*TASK OBJECTIVE*
A word-for-word restatement of every record is required.

Scraped caption text data
━━━━
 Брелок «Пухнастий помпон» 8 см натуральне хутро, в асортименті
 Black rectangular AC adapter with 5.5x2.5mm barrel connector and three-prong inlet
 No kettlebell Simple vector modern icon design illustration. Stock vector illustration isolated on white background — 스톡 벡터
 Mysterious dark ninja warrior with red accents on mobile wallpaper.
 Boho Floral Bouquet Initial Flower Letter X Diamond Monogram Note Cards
━━━━
*ANSWER TO THE PROBLEM*
 Брелок «Пухнастий помпон» 8 см натуральне хутро, в асортименті
 Black rectangular AC adapter with 5.5x2.5mm barrel connector and three-prong inlet
 No kettlebell Simple vector modern icon design illustration. Stock vector illustration isolated on white background — 스톡 벡터
 Mysterious dark ninja warrior with red accents on mobile wallpaper.
 Boho Floral Bouquet Initial Flower Letter X Diamond Monogram Note Cards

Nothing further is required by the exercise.